The Political Economy of Competition Law in Asia

The Political Economy of Competition Law in Asia

Edited by Mark Williams

This detailed book describes and analyses the essential political economy features that provide the backdrop to the competition policies and competition law regimes of several of the most important Asian economies.

Chapter 13: Conclusion

Mark Williams

Subjects: asian studies, asian law, law - academic, asian law, competition and antitrust law

Extract

Any attempt to comprehensively summarize the content of this book is an all but impossible task given the very substantial differences between the nations discussed, and so this chapter will not try to do so. In considering the current position of the competition policy environment in each of the countries discussed, it is interesting to note the variety of reasons for competition policy adoption. Some countries adopted as a result of endogenous choice, perhaps due to the advocacy of academic or political figures that reflected the notion that, in an increasingly globalized economic system, retaining an isolated and inward-looking domestic economy was simply no longer viable. Australia is an obvious example of this phenomenon. Adopting or strengthening an existing competition regime to assist the restructuring of the domestic economy is another circumstance that can promote reform. India might fall into this category. Often such a policy choice is a parallel development to the liberalization of an external trade regime.
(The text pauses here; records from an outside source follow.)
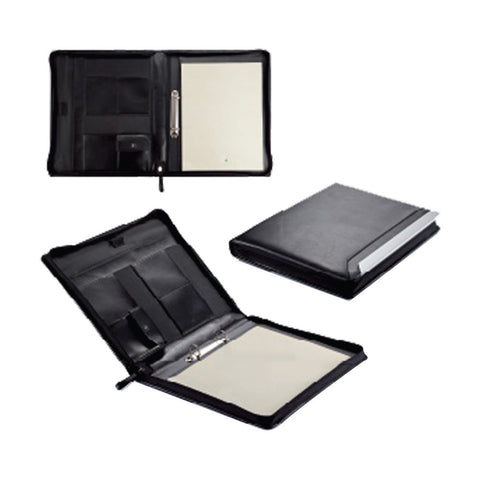 A4 Size All Round Zip Leather Folder with Memopad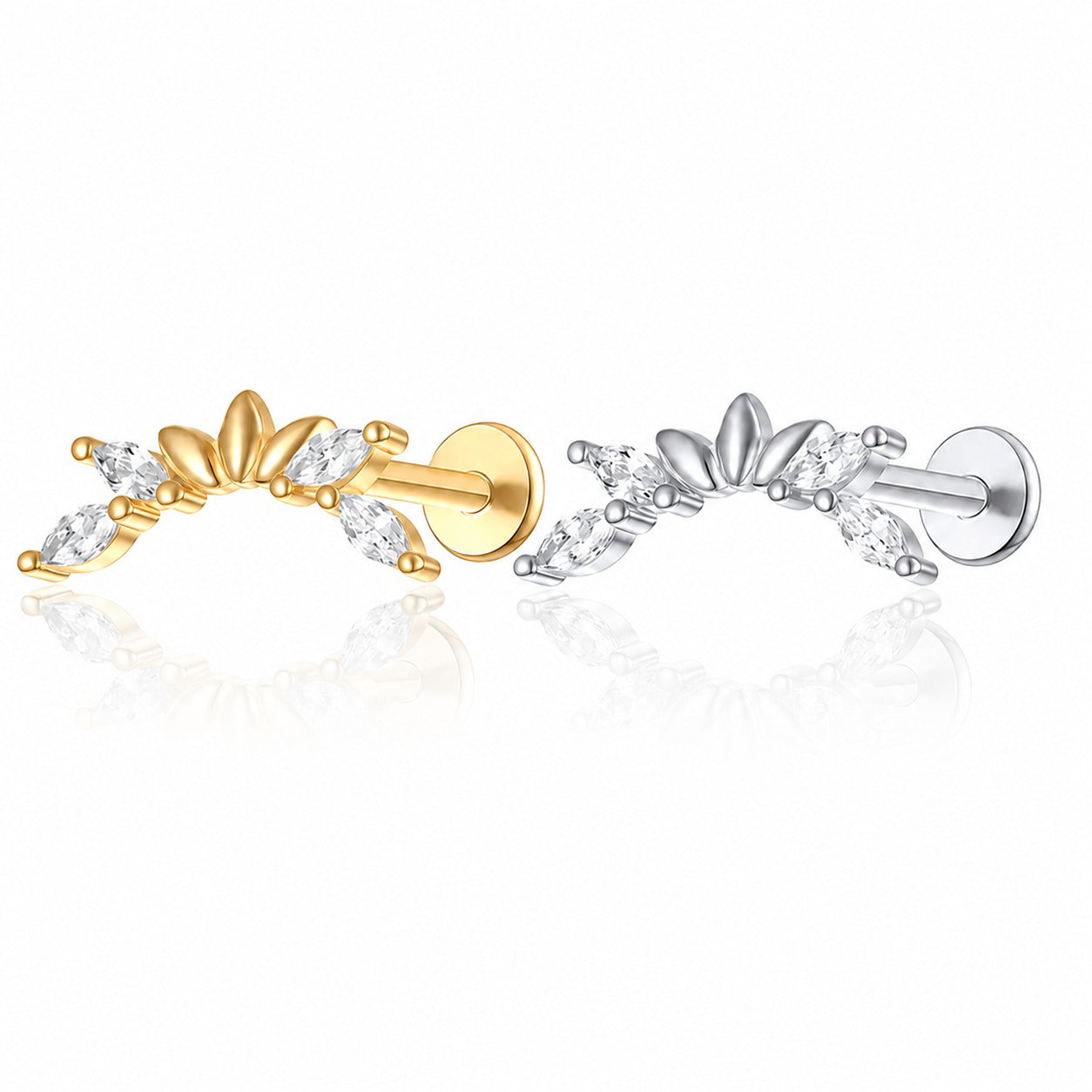 Geometric Fan Leaf Cubic Zirconia 925 Sterling Silver Internal Thread Flat Back Ear Stud Cartilage Piercing Earrings (Single )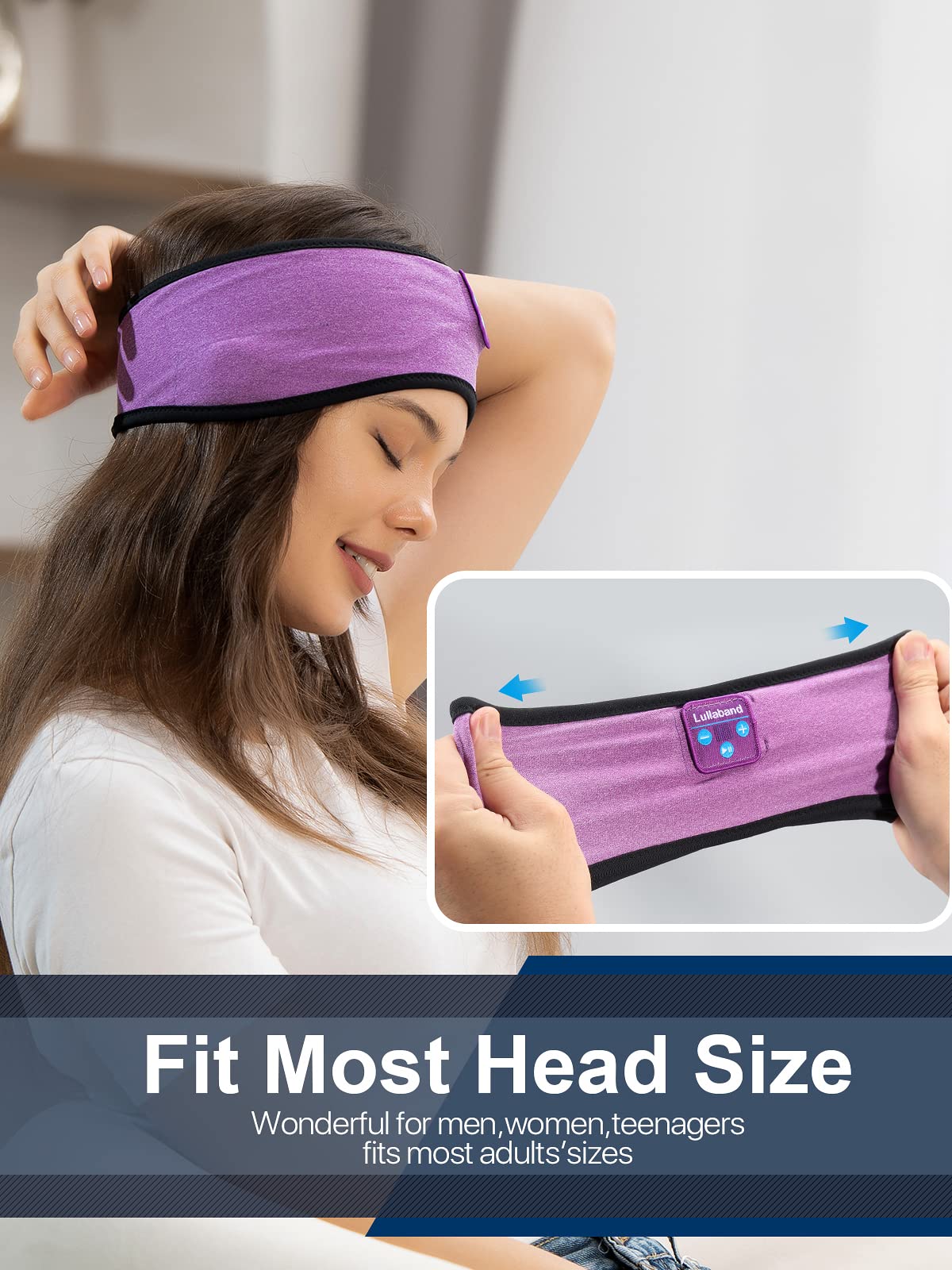 Wireless Bluetooth Sleep Headband Headphones for Side Sleepers - Ultra Thin Speakers, Built-in Mic, Comfortable Sleeping Headphones for Night Use, Travel & Meditation - Perfect Gift Idea
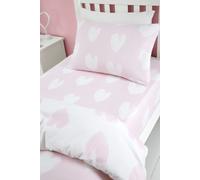 'Brushed Cotton Hearts' Fitted Sheet Catherine Lansfield Pink Double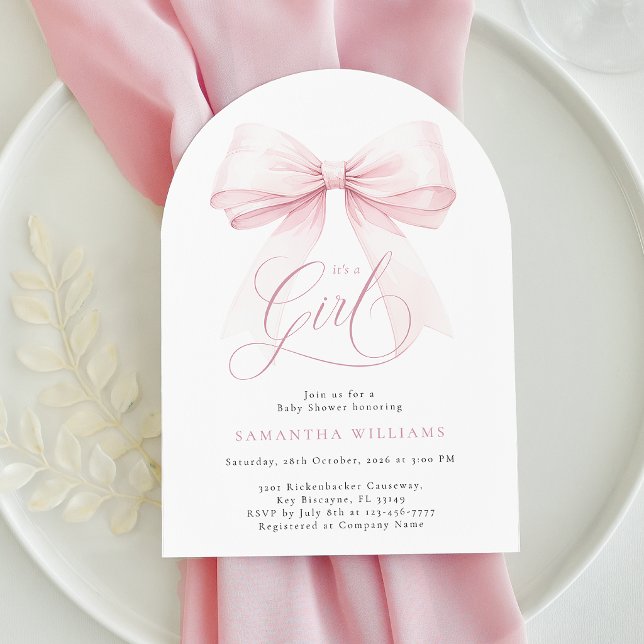 Det är en tjej Rosa båge baby shower Inbjudningar (Skapare uppladdad)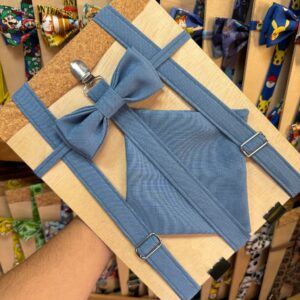 Cinta para cabello azul con lazo y tirantes ajustables, accesorios de moda para niños.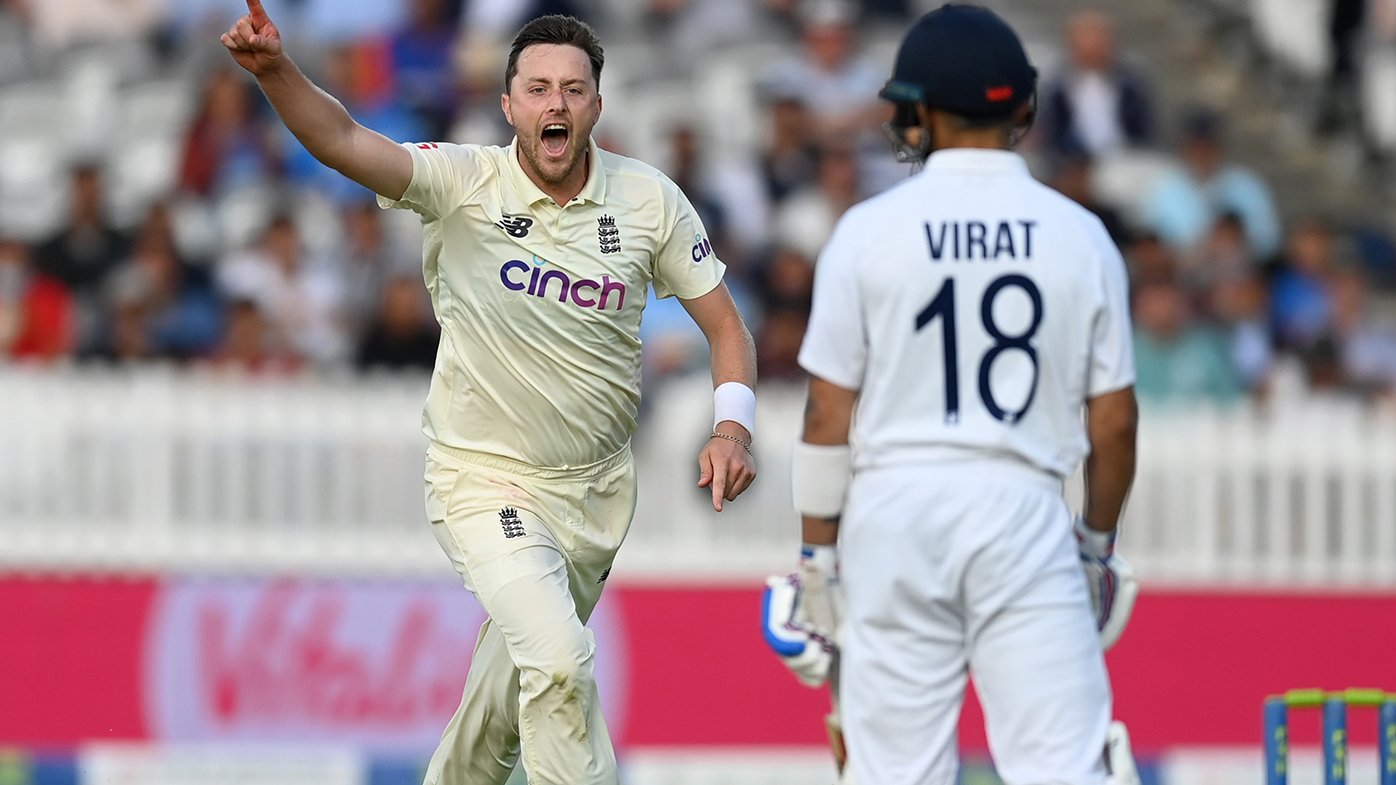 Ollie Robinson of England celebrates dismissing India captain Virat Kohli during day one of the Second Test Match between England and India at Lord's.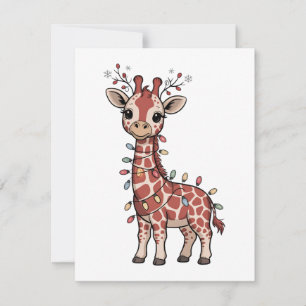 Giraffe Wrapped in Christmas Lights Animal Lovers  Note Card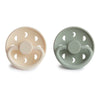 Pacifier Moon Phase 2 Pack Silicone Cream/ Sage 6-18 months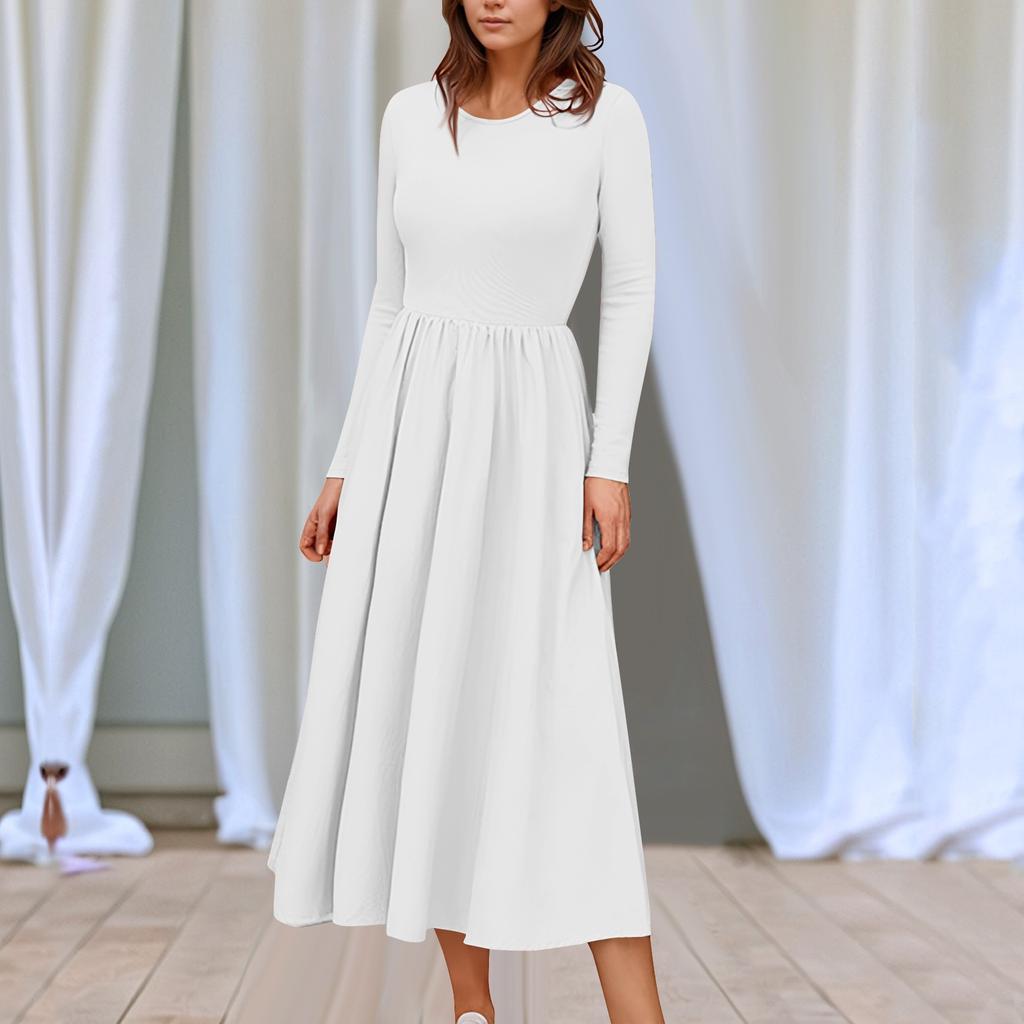 Women's Solid Color Midi Boho Dress Casual Long Sleeve Flowy Smocked Dresses With Pocket Summer And Spring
Pro-competition measures sometimes follow from bilateral trade agreements, as was the case in Singapore, or because of regional trade agreements as in ASEAN, where this provided a major impetus for both Malaysia and the Philippines to act. Application for membership of the World Trade Organization (WTO) and an attempt to attract foreign investment appear to have been incentives for Vietnam and also perhaps for China, though adoption was not a requirement of WTO membership.